Affiliate or Affiliates has the meaning set forth in § 121.103 of this chapter.
Applicant means any entity submitting an application to SBA for designation as a NMVC Company under this part.
Articles mean articles of incorporation or charter for a Corporate NMVC Company, the partnership agreement or certificate for a Partnership NMVC Company, and the operating agreement or other organizational documents for a LLC NMVC Company.
Assistance or Assisted means Financing of or management services rendered to a Small Business by or through a NMVC Company pursuant to the Act and this part.
Associate of a NMVC Company means any of the following:
(1)(i) An officer, director, employee or agent of a Corporate NMVC Company;
(ii) A Control Person, employee or agent of a Partnership NMVC Company;
(iii) A managing member of a LLC NMVC Company;
(iv) An Investment Adviser/Manager of any NMVC Company, including any Person who contracts with a Control Person of a Partnership NMVC Company to be the Investment Adviser/Manager of such NMVC Company; or
(v) Any Person regularly serving a NMVC Company on retainer in the capacity of attorney at law.
(2) Any Person who owns or controls, or who has entered into an agreement to own or control, directly or indirectly, at least 10 percent of any class of stock of a Corporate NMVC Company or 10 percent of the membership interests of an LLC NMVC Company, or a limited partner’s interest of at least 10 percent of the partnership capital of a Partnership NMVC Company. However, neither a limited partner in a Partnership NMVC Company nor a non-managing member in an LLC NMVC Company is considered an Associate if such Person is an entity Institutional Investor whose investment in the Partnership, including commitments, represents no more than 33 percent of the capital of the NMVC Company and no more than five percent of such Person’s net worth.
(3) Any officer, director, partner (other than a limited partner), manager, agent, or employee of any Associate described in paragraph (1) or (2) of this definition.
(4) Any Person that directly or indirectly Controls, or is Controlled by, or is under Common Control with, a NMVC Company.
(5) Any Person that directly or indirectly Controls, or is Controlled by, or is under Common Control with, any Person described in paragraphs (1) and (2) of this definition.
(6) Any Close Relative of any Person described in paragraphs (1), (2), (4), and (5) of this definition.
(7) Any Secondary Relative of any Person described in paragraphs (1), (2), (4), and (5) of this definition.
(8) Any concern in which—
(i) Any person described in paragraphs (1) through (6) of this definition is an officer; general partner, or managing member; or
(ii) Any such Person(s) singly or collectively Control or own, directly or indirectly, an equity interest of at least 10 percent (excluding interests that such Person(s) own indirectly through ownership interests in the NMVC Company).
(9) Any concern in which any Person(s) described in paragraph (7) of this definition singly or collectively own (including beneficial ownership) a majority equity interest, or otherwise have Control. As used in this paragraph (9), “collectively” means together with any Person(s) described in paragraphs (1) though (7) of this definition.

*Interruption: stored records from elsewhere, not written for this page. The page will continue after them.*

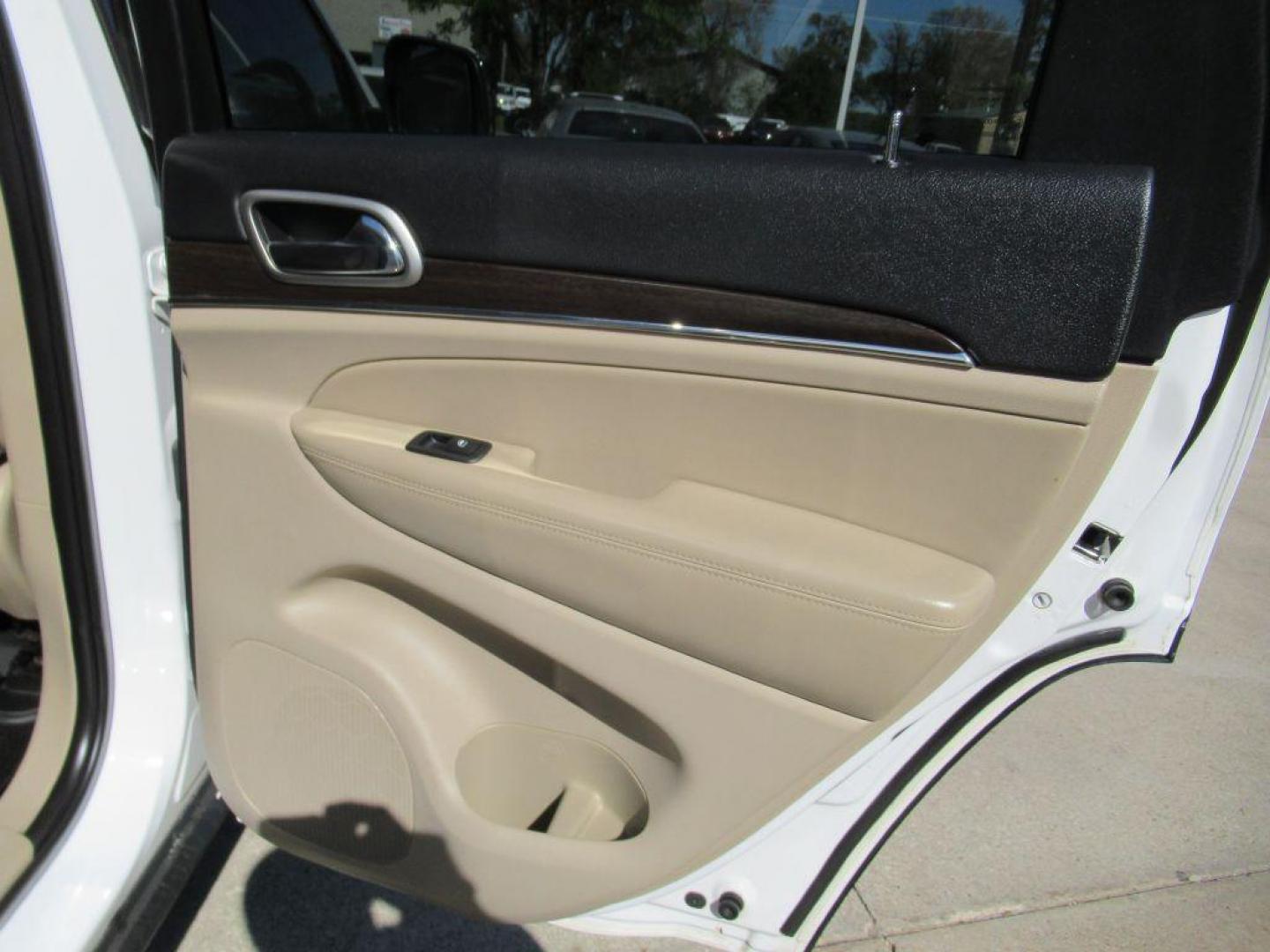 2018 WHITE JEEP GRAND CHEROKEE LIMITED (1C4RJFBG5JC) with an 3.6L engine, Automatic transmission, located at 908 SE 14th Street, Des Moines, IA, 50317, (515) 281-0330, 41.580303, -93.597046 - Photo#11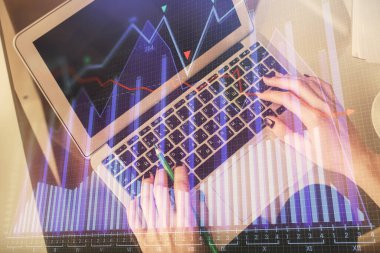 Bilgisayar ve ön x çizim hologramı üzerinde çalışan kadın elleri çift pozlama. Üst Manzara. Mali analiz kavramı.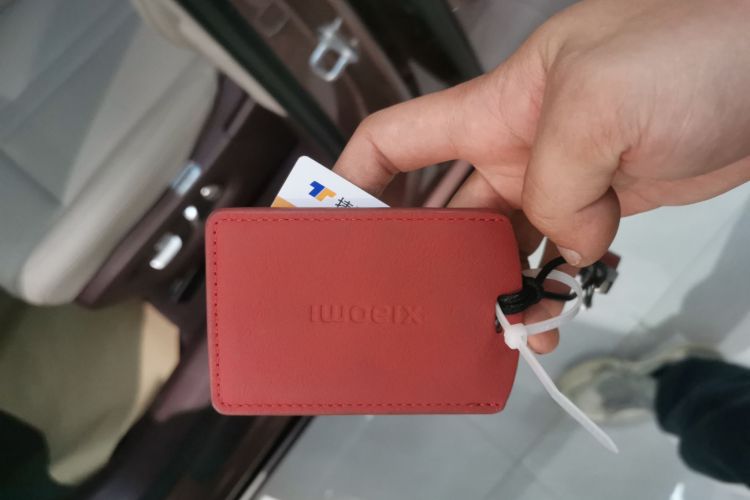 小米汽车 小米YU7 2025款 超长续航高性能四驱Max版中控内饰7001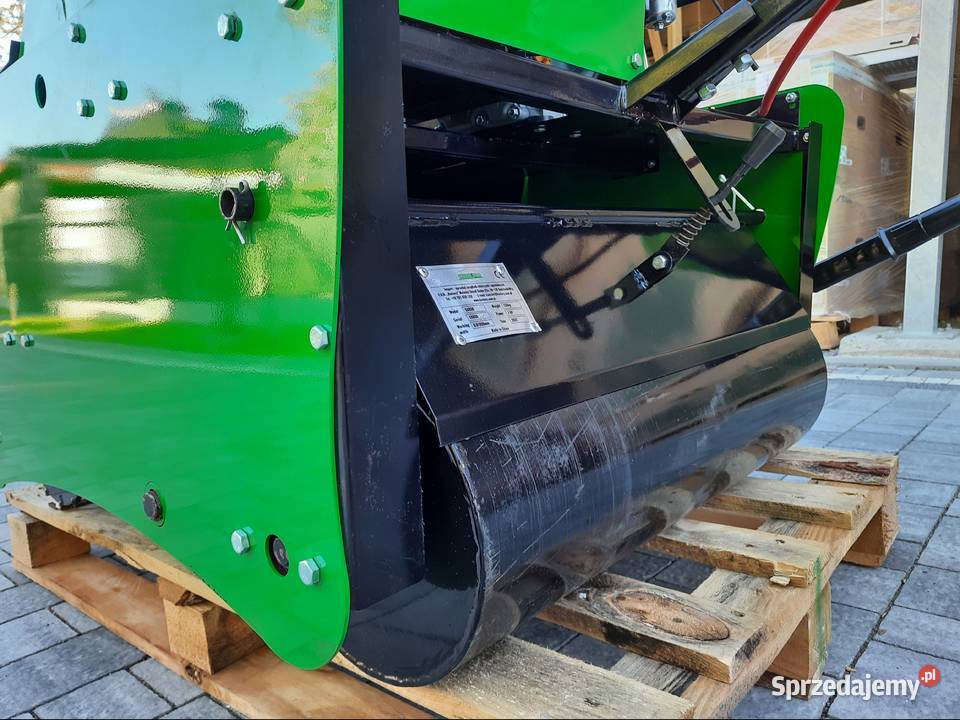 NOWOŚĆ SIEWNIK DO TRAWY GRASSED SX800 SPALINOWY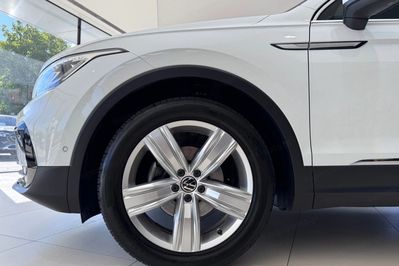 Volkswagen Tiguan 1.5 TSI Elegance DSG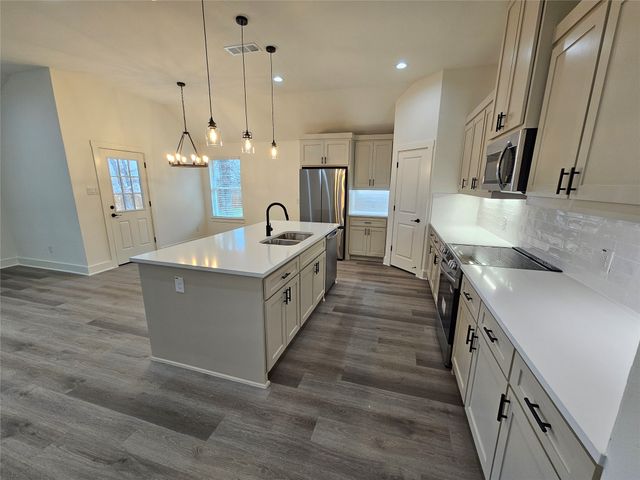 605 Begonia Drive, Azle, TX 76029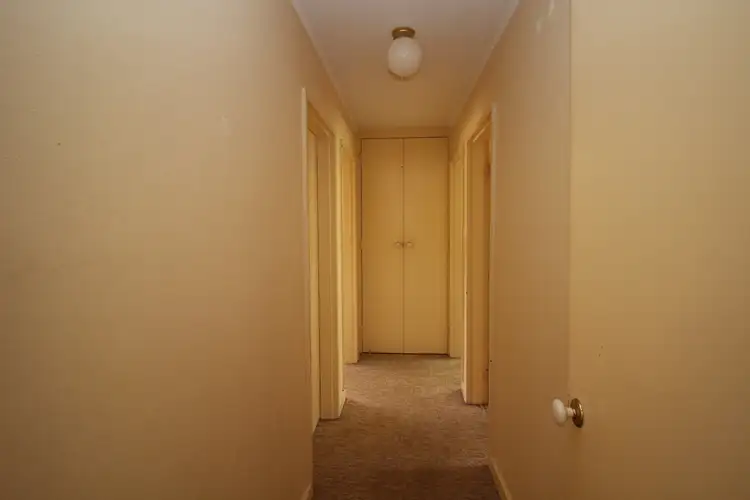 Sixth view of Homely unit listing, 2/9 Gamble Place, Orelia WA 6167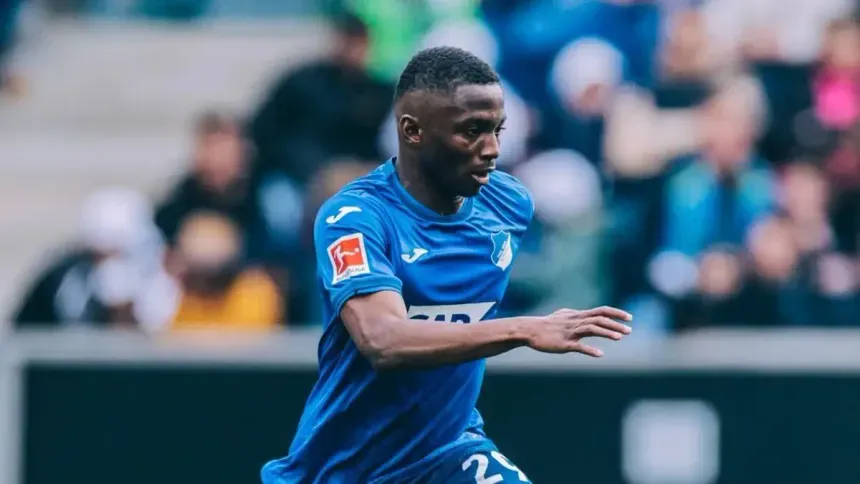 ليفربول يتصدر سباق التعاقد مع خليفة صلاح بازومانا توري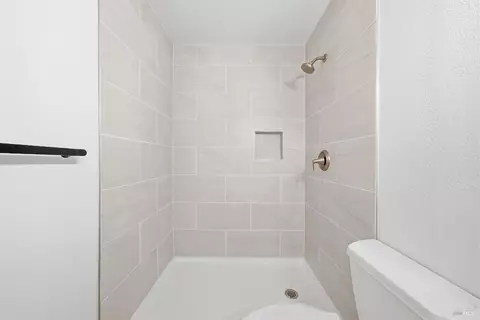Bath - 850 E Cotati Ave #11, Cotati, CA 94931 photo 4 of 4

(10) For the purposes of this definition, if any Associate relationship described in paragraphs (1) through (7) of this definition exists at any time within six months before or after the date that a NMVC Company provides Financing, then that Associate relationship is considered to exist on the date of the Financing.
(11) If any NMVC Company has any ownership interest in another NMVC Company, the two NMVC companies are Associates of each other.
Capital Impairment has the meaning set forth in § 108.1830(b).
Central Registration Agent or CRA means one or more agents appointed by SBA for the purpose of issuing TCs and performing the functions enumerated in § 108.1620 and performing similar functions for Debentures funded outside the pooling process.
Close Relative of an individual means:
(1) A current or former spouse;
(2) A father, mother, guardian, brother, sister, son, daughter; or
(3) A father-in-law, mother-in-law, brother-in-law, sister-in-law, son-in-law, or daughter-in-law.
Commitment means a written agreement between a NMVC Company and an eligible Small Business that obligates the NMVC Company to provide Financing (except a guarantee) to that Small Business in a fixed or determinable sum, by a fixed or determinable future date. In this context the term “agreement” means that there has been agreement on the principal economic terms of the Financing. The agreement may include reasonable conditions precedent to the NMVC Company’s obligation to fund the commitment, but these conditions must be outside the NMVC Company’s control.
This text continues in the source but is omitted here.